Brief descriptive captions:
________________________
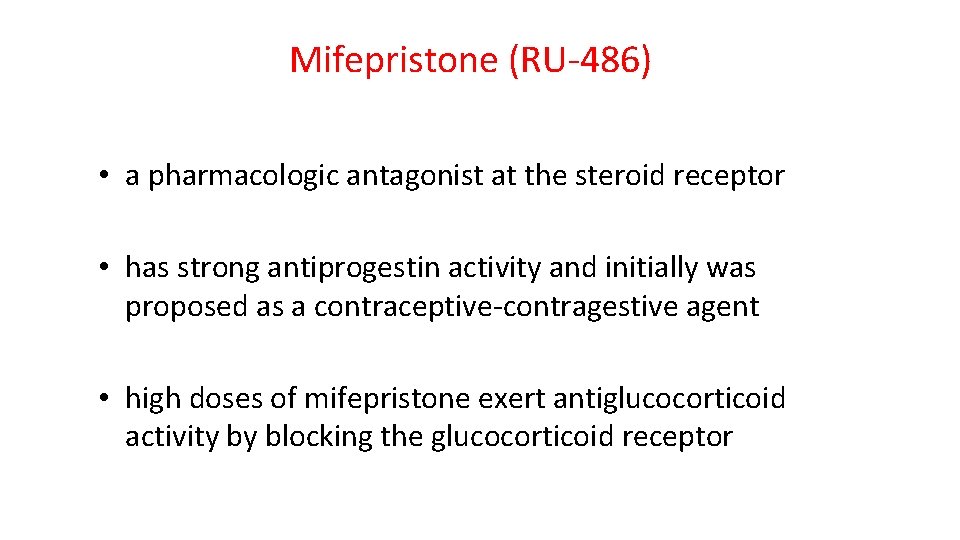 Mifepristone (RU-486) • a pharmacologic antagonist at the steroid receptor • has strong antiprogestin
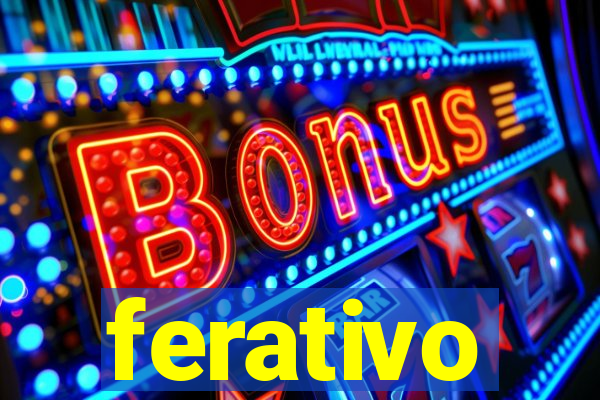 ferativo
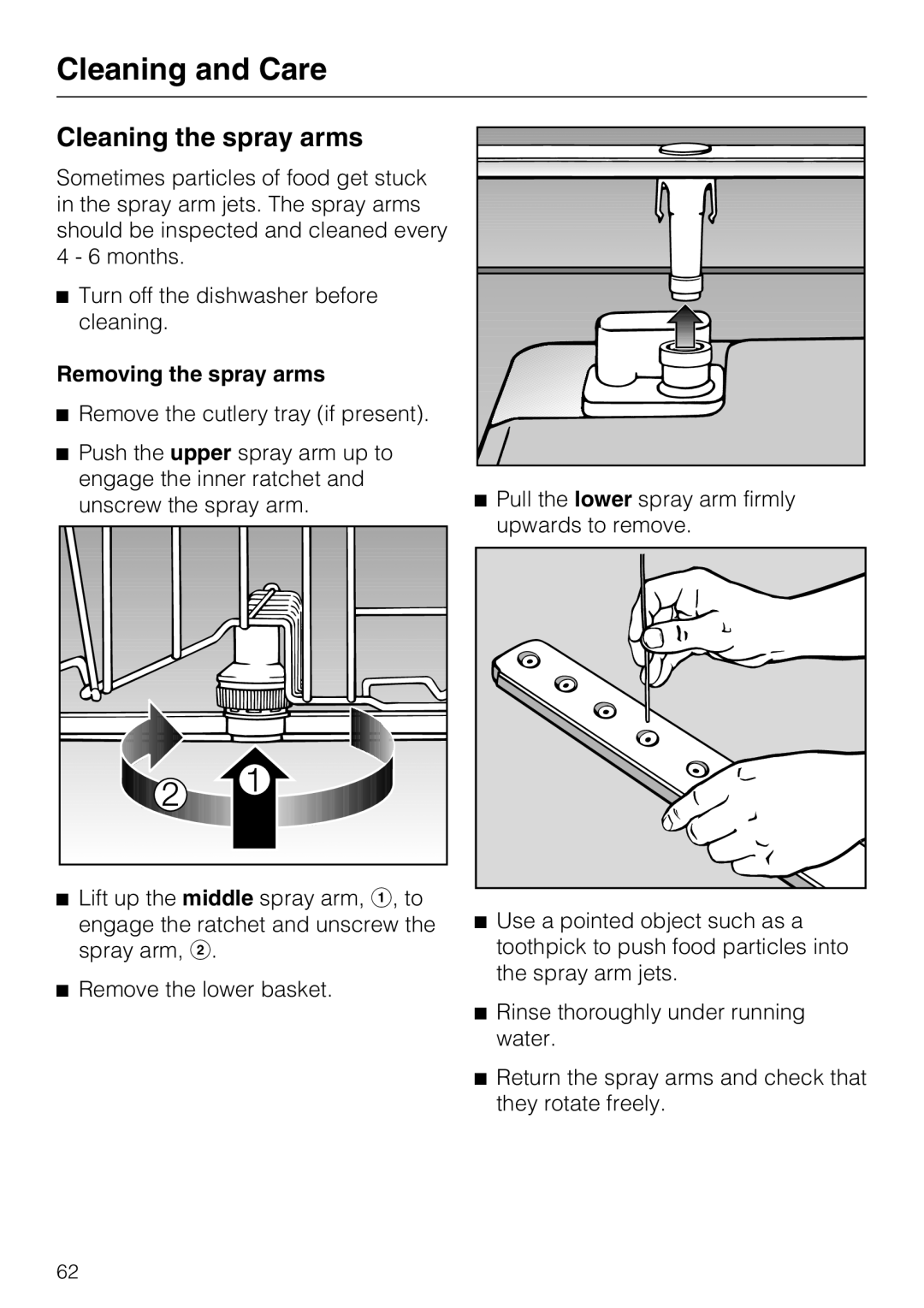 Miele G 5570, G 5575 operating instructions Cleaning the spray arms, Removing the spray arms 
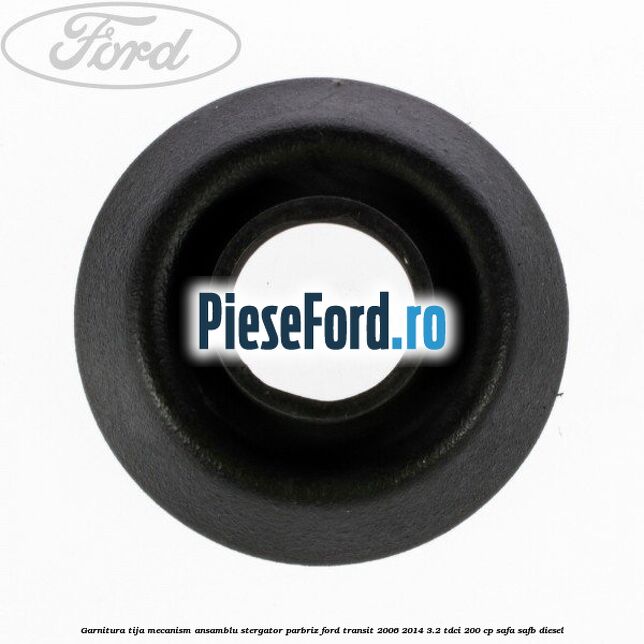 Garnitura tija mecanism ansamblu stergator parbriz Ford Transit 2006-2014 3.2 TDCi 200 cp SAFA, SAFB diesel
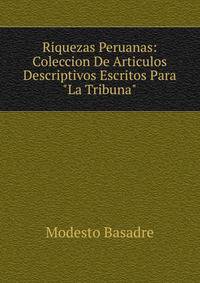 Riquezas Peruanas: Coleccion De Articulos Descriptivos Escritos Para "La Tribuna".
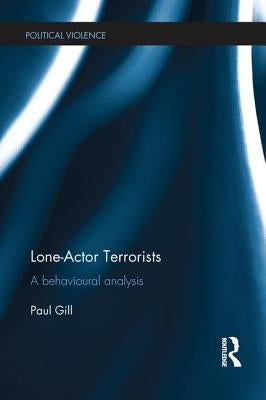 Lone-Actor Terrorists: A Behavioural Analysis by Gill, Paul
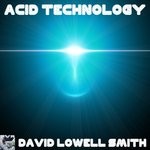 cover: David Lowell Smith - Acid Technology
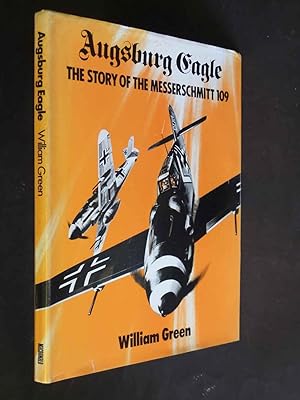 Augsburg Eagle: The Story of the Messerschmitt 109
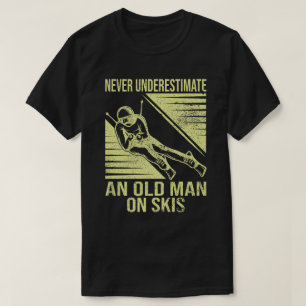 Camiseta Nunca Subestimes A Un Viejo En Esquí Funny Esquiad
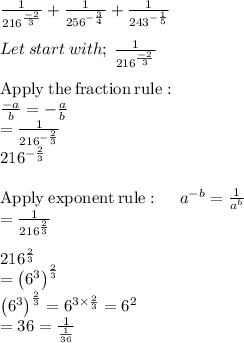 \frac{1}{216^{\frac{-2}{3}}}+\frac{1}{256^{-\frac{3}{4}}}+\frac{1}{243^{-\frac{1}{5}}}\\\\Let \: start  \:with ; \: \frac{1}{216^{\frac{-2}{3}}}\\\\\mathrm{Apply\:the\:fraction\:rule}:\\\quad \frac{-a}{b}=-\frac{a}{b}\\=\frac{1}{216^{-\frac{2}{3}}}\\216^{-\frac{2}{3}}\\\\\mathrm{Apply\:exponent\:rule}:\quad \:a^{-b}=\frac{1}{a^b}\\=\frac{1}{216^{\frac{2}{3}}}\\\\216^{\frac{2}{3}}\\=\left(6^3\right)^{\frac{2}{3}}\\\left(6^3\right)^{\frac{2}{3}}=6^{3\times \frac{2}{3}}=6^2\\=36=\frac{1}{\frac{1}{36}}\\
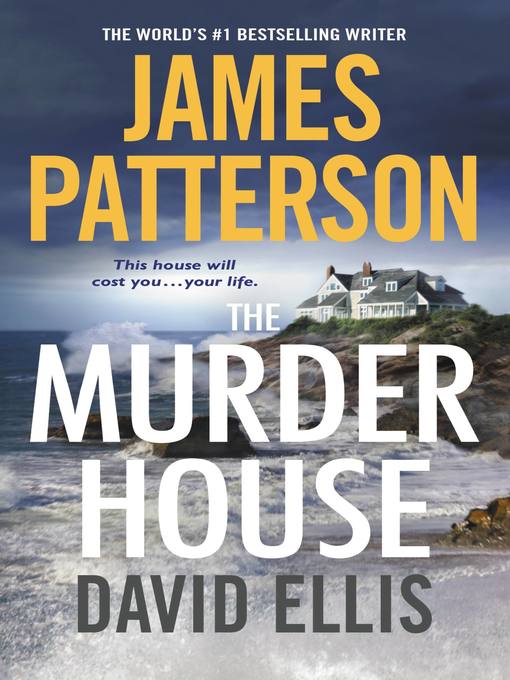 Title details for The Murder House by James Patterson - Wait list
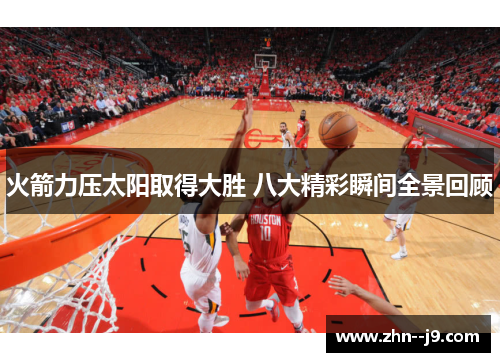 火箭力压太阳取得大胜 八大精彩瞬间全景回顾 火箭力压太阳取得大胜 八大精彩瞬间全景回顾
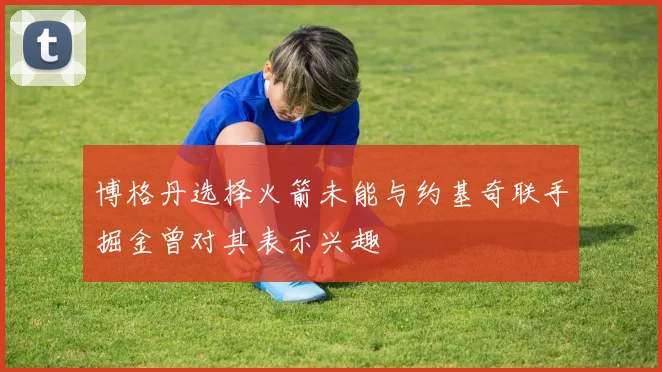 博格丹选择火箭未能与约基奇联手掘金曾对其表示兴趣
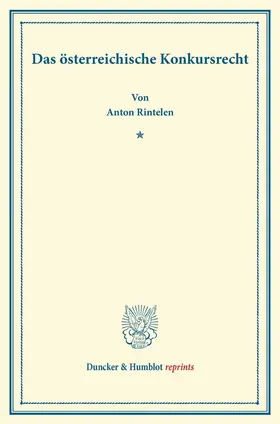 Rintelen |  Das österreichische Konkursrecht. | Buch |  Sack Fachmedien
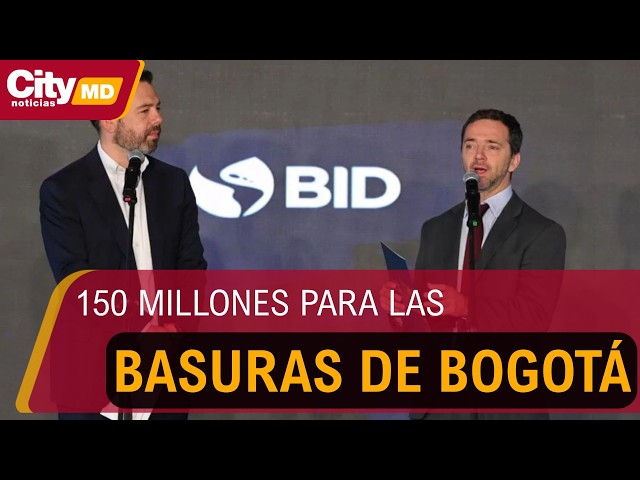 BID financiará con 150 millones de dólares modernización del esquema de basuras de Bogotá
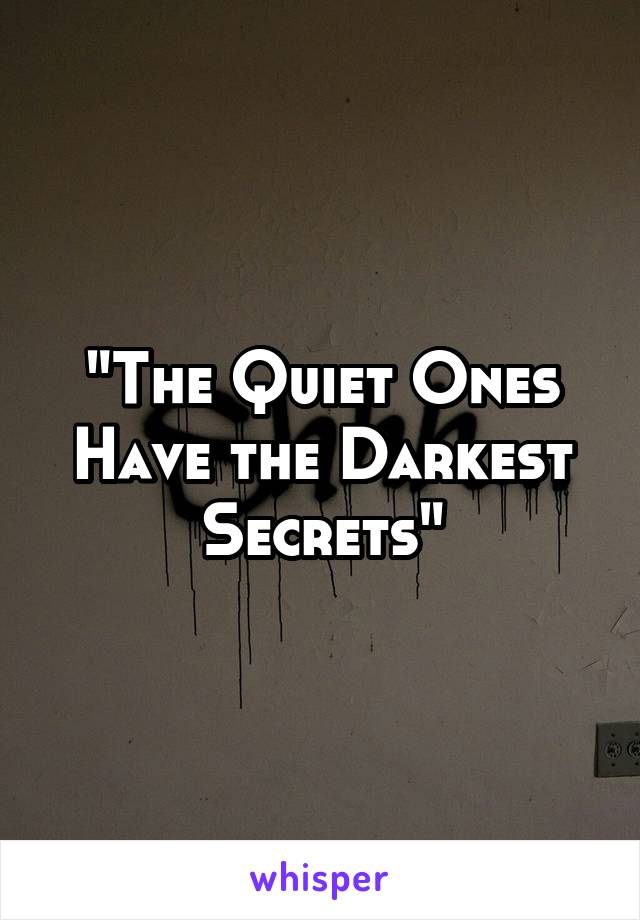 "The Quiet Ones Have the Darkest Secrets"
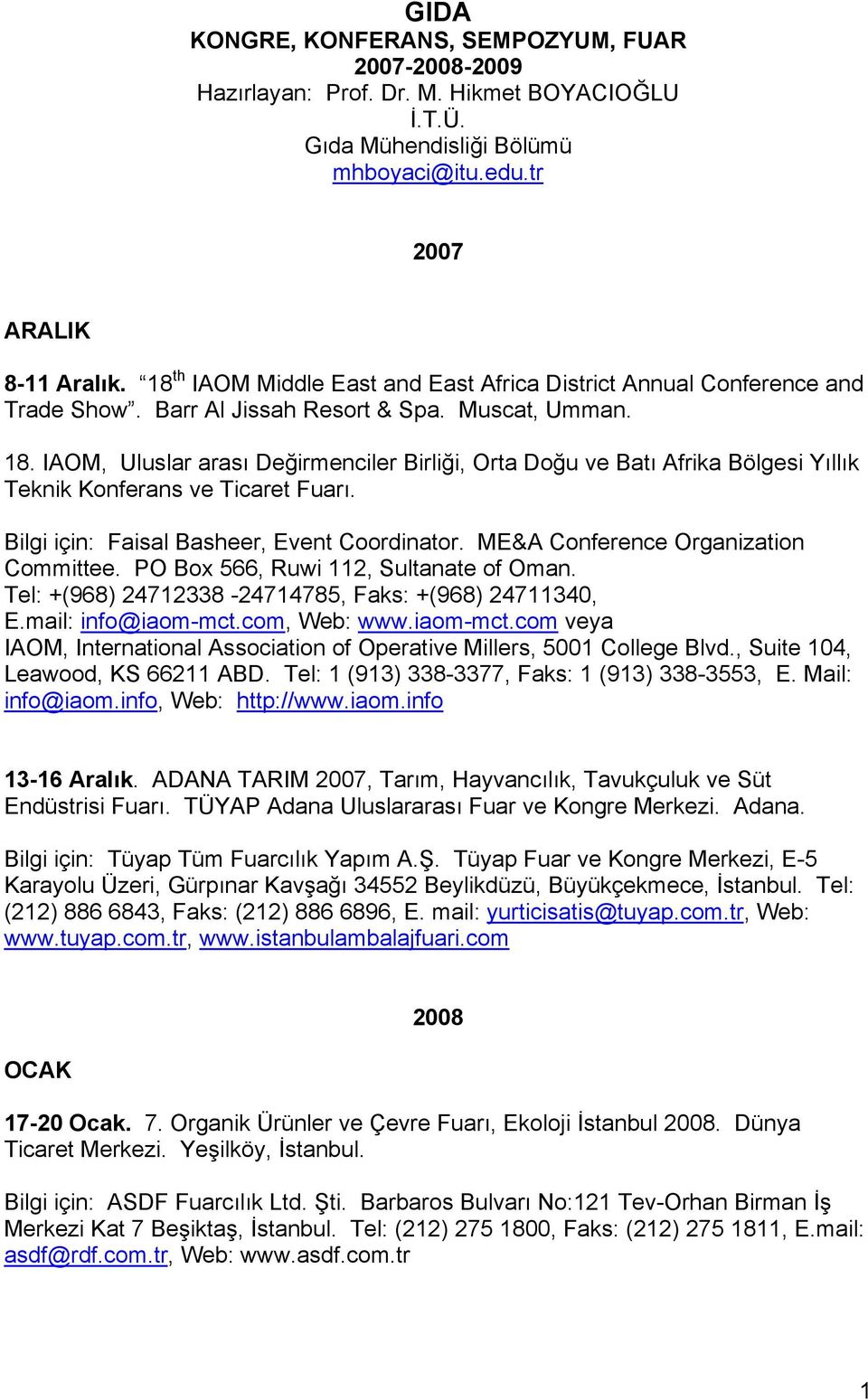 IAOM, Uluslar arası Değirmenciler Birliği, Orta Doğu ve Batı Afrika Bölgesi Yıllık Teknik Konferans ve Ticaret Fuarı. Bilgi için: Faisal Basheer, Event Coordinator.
________________________
Copy out each record shown above without alteration, skipping any picture.

Output for this exercise:
 Mifepristone (RU-486) • a pharmacologic antagonist at the steroid receptor • has strong antiprogestin
 ferativo
 Miele G 5570, G 5575 operating instructions Cleaning the spray arms, Removing the spray arms 
 Garnitura tija mecanism ansamblu stergator parbriz Ford Transit 2006-2014 3.2 TDCi 200 cp SAFA, SAFB diesel
 Riquezas Peruanas: Coleccion De Articulos Descriptivos Escritos Para "La Tribuna".
 Lone-Actor Terrorists: A Behavioural Analysis by Gill, Paul
 cover: David Lowell Smith - Acid Technology
 Augsburg Eagle: The Story of the Messerschmitt 109
 Camiseta Nunca Subestimes A Un Viejo En Esquí Funny Esquiad
 \frac{1}{216^{\frac{-2}{3}}}+\frac{1}{256^{-\frac{3}{4}}}+\frac{1}{243^{-\frac{1}{5}}}\\\\Let \: start  \:with ; \: \frac{1}{216^{\frac{-2}{3}}}\\\\\mathrm{Apply\:the\:fraction\:rule}:\\\quad \frac{-a}{b}=-\frac{a}{b}\\=\frac{1}{216^{-\frac{2}{3}}}\\216^{-\frac{2}{3}}\\\\\mathrm{Apply\:exponent\:rule}:\quad \:a^{-b}=\frac{1}{a^b}\\=\frac{1}{216^{\frac{2}{3}}}\\\\216^{\frac{2}{3}}\\=\left(6^3\right)^{\frac{2}{3}}\\\left(6^3\right)^{\frac{2}{3}}=6^{3\times \frac{2}{3}}=6^2\\=36=\frac{1}{\frac{1}{36}}\\
 Title details for The Murder House by James Patterson - Wait list
 火箭力压太阳取得大胜 八大精彩瞬间全景回顾 火箭力压太阳取得大胜 八大精彩瞬间全景回顾
 博格丹选择火箭未能与约基奇联手掘金曾对其表示兴趣
 Rintelen |  Das österreichische Konkursrecht. | Buch |  Sack Fachmedien
 BID financiará con 150 millones de dólares modernización del esquema de basuras de Bogotá
 "The Quiet Ones Have the Darkest Secrets"
 IAOM, Uluslar arası Değirmenciler Birliği, Orta Doğu ve Batı Afrika Bölgesi Yıllık Teknik Konferans ve Ticaret Fuarı. Bilgi için: Faisal Basheer, Event Coordinator.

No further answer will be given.